It had followed weeks of sabre rattling in which Israel rehearsed bomb attacks on Iran which in turn tested long range missiles that could strike Israel.
"We have not had any discussion or agreement of the so-called timeline," said Ali Asghar Soltaniyeh, Iran's ambassador to the United Nations nuclear watchdog.
But his brusque rejection of the deadline imposed by the US and the other countries, including Britain, which made the offer, is unlikely to deter international pressure.
"We want and we expect a response this weekend," a US State Department spokesman said. "They were given two weeks. The two weeks is up this weekend."
European diplomats have given Iran a little more leeway, but insist that it answer their proposals within a few days.
"One should not focus too much on Saturday," an EU official said. "If it's not Saturday but next week, we'll not make a big fuss about it. What matters is to get a clear answer quickly, in the very coming days."
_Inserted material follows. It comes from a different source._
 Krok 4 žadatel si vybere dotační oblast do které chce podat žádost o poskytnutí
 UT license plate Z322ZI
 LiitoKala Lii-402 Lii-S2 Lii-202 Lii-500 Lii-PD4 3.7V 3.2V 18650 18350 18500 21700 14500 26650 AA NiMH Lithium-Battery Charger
However, despite Iran's prevarication, there are signs of increasing internal debate over whether it should, eventually, accept some sort of compromise.
While the president Mahmoud Ahmadinejad launched a new anti-Western diatribe on Friday, saying the US was "in decline", his powerful political opponents are pushing for more measured language.
Akbar Hashemi-Rafsanjani, a former president who retains influence in top policy circles, rejected the notion of a deadline but said Iran must keep talking.
"The plan now is to negotiate," he said at Friday prayers one week ago. "What are all ultimatums that you are issuing, that you have to take in two weeks? The plan is to talk. Iran is ready. It will come there and talk."
While Western countries accuse Iran of trying to build a nuclear bomb and hiding key parts of its plans, Iran has always said its programme is purely civilian and that it has not breached international rules.
Several years of negotiations have failed to stop Iran pursuing the process - nor have two-and-a-half years of sanctions and mounting US pressure.
If Iran continues to reject a suspension, Western countries still say they will negotiate while pushing for sanctions. But with Russia and China only reluctantly agreeing to tougher action against Iran, these could take months to be approved.